Work to be completed
Leave the pictures in the listing below aside and reproduce exactly the lines starting with the one with "Dove trovare materassi" and going on through the one with "Happiness is a", both ends included.

Information shown
********************
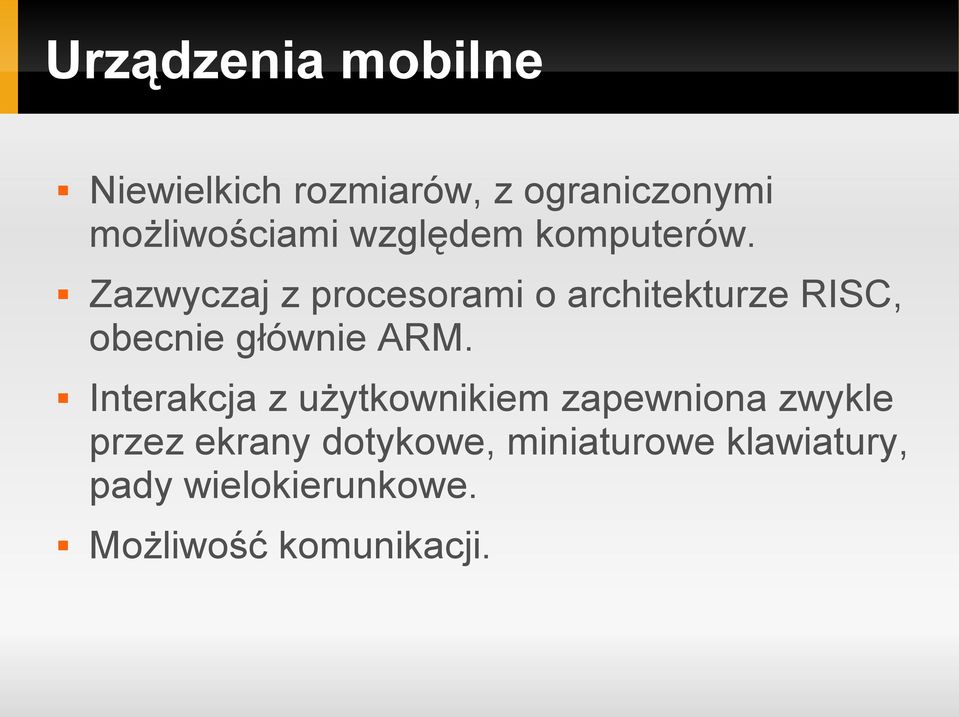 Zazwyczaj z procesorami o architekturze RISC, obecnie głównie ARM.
********************
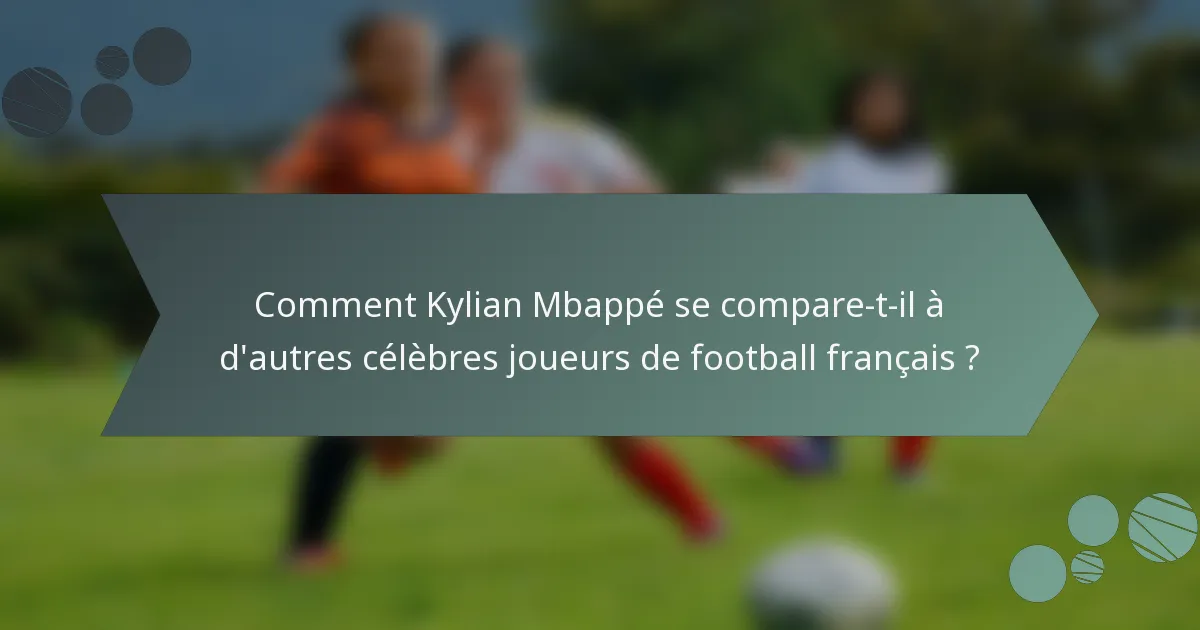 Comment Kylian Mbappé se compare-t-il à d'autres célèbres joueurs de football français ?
********************
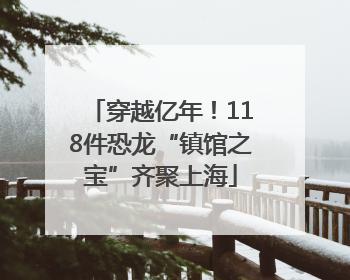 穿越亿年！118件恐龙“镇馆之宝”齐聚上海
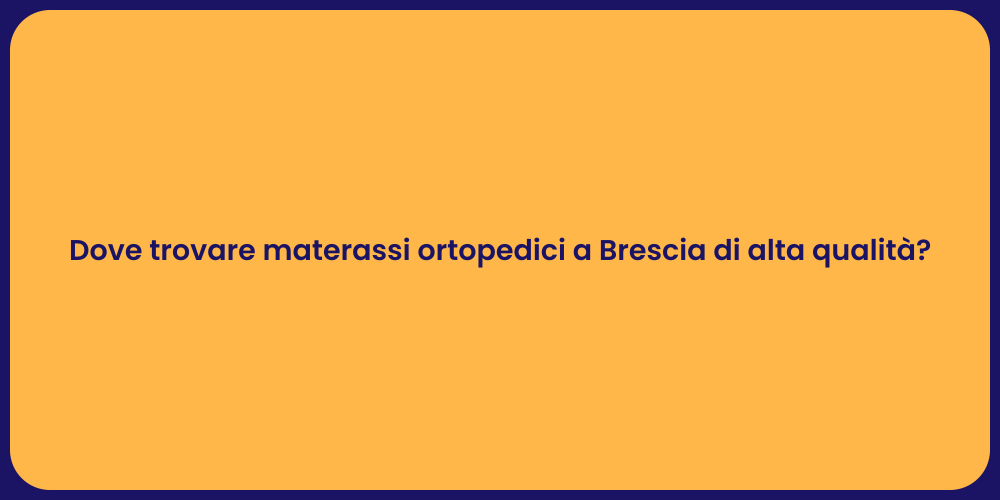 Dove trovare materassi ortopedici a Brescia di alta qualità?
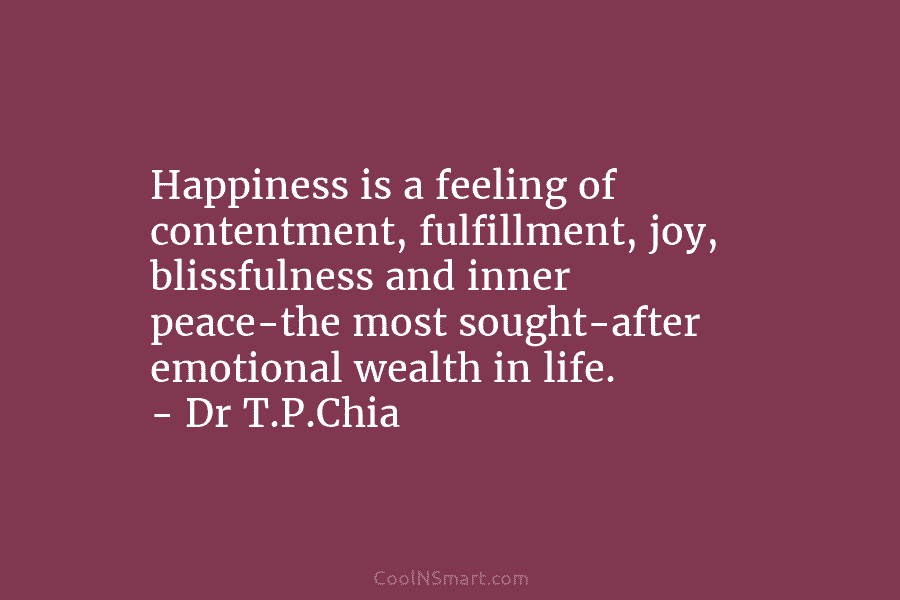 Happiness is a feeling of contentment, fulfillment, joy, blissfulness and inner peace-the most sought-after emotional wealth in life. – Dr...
********************
Task result
 Dove trovare materassi ortopedici a Brescia di alta qualità?
 Happiness is a feeling of contentment, fulfillment, joy, blissfulness and inner peace-the most sought-after emotional wealth in life. – Dr...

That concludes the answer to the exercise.